As the light emitted decays over time, the human eye compensates by adjusting to the lower levels of light. It takes approximately 35 to 40 minutes for the eye to adapt to total darkness. The human eye can see down to 0.32mcd/sqm (milli candelas per square metre), and it would take about two days for the light output from a fully charged sleeve to reach this level. Having said that, after the first 90 - 120 minutes it may no longer be emitting sufficient light to illuminate surfaces several metres away, however it provides what we call the ‘breadcrumb effect’, meaning that you will still see the trail of light sleeves leading towards evacuation points.

The Lumenite light sleeve is our own unique patented product.



Lumenite Stair Edge Strip

In addition to the light sleeve, we identified a gap in the market whereby stair steps are now required to have photoluminescent strips to identify them and it became apparent that most were doing this by inserting a photoluminescent strip into an aluminum extrusion stair nosing.

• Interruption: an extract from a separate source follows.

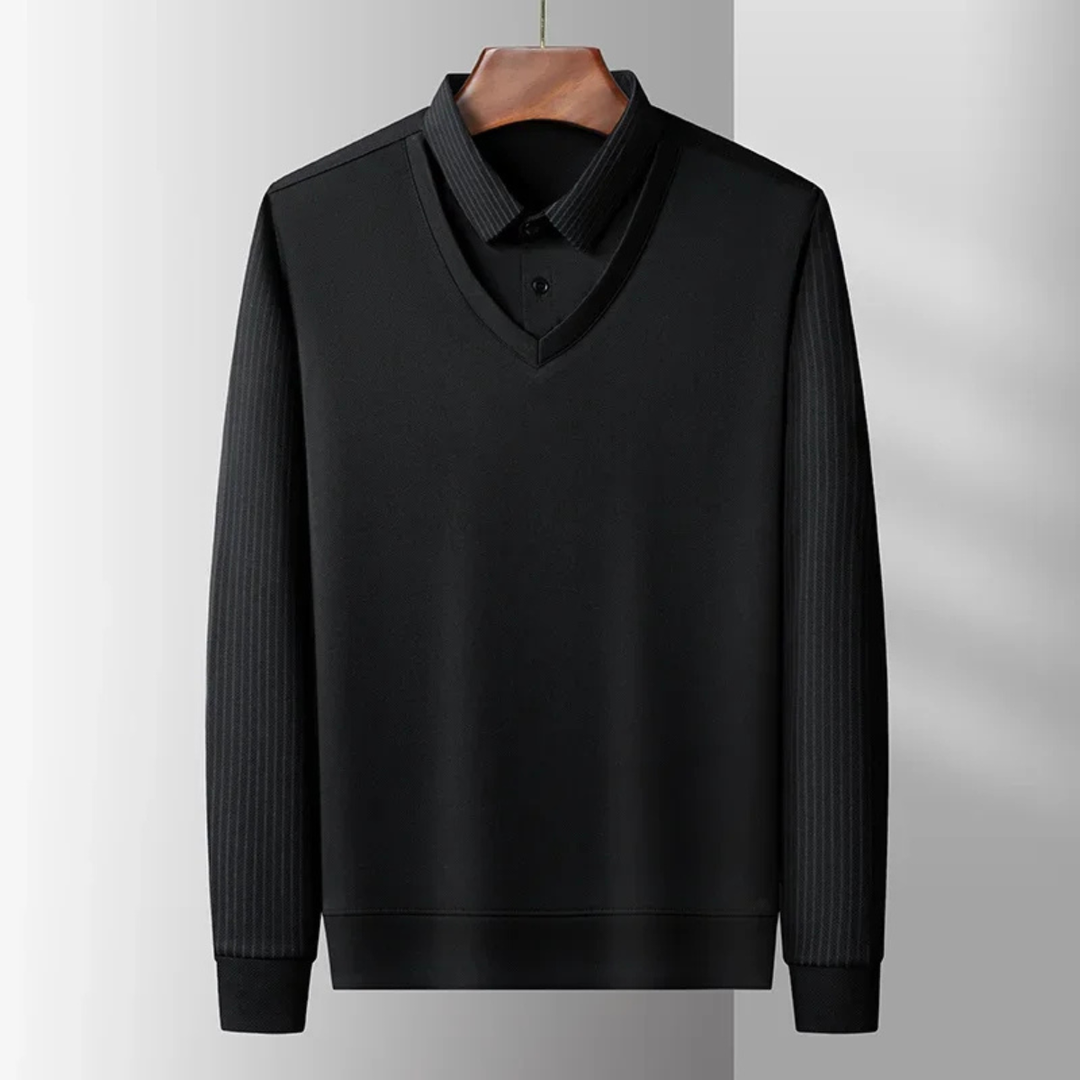 Sirmione Strickpoloshirt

This is a very expensive process; aluminum is expensive and is time-consuming to install; it is also heavy for freight purposes and for carting to the required installation site where it is generally cut in situ.

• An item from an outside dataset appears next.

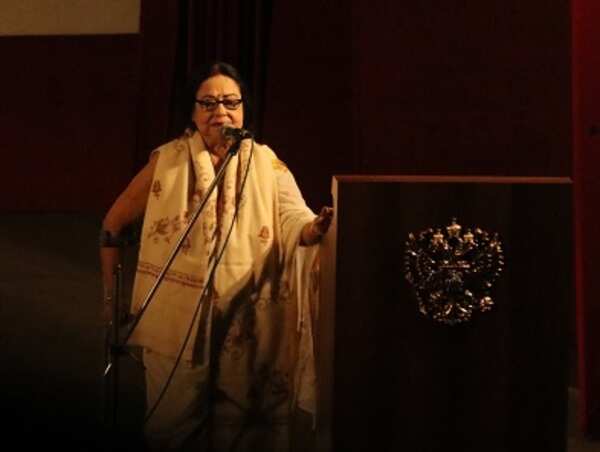 Madhabi Mukherjee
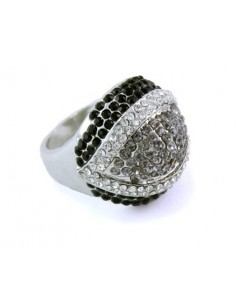 ANILLO STRASES 3 COLORES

With this in mind we created the Lumenite Edge Strip.

Our research concluded that we needed an economical and easy to install step edge strip, and to make it of a material that would not easily burn, nor would it give off toxic fumes. As you can imagine, if you are on the higher levels of a building and a fireball goes through the stairwell below, you do not want toxic fumes in the stairwell as you come down. We came up with EVA, (ethylene vinyl acetate) which gives us not only a great photoluminescent product for visual marking which is non-toxic, but the profile we use also provides a non-slip surface.

Legislation has been introduced in Europe, Australia and other countries making it mandatory for step edges to have colour differential to distinguish them because in low lighting levels they can appear to blend in with each other, and many accidents have occurred as a result of people missing a step and then stumbling and falling. Also, in some parts of Europe and other parts of the world, it is now a requirement that step edges have a non-slip rating.

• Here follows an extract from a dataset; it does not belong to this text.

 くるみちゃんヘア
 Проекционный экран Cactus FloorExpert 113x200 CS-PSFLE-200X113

Our design provides the best of these requirements, ie a non-slip surface, visual colour delineation, and a failsafe visual guidance system in the event of loss of normal lighting.

It is also extremely easy to install, we produce it in rolls so that the installer can simply roll it out, cut it with normal household scissors, peel away the backing and apply it. There is virtually no material wastage and installation is very quick and easy.


Whilst the stair strip is not designed to emit light in the way the Lumenite Light Sleeve does due to the proximity and intensity of the light force charging it, it still achieves its desired result of providing a clear visual guidance system.


Our products are environmentally friendly, non-toxic, non-radioactive, require no batteries or electrical energy, and most importantly cannot fail provided they are ‘charged’ with ambient light.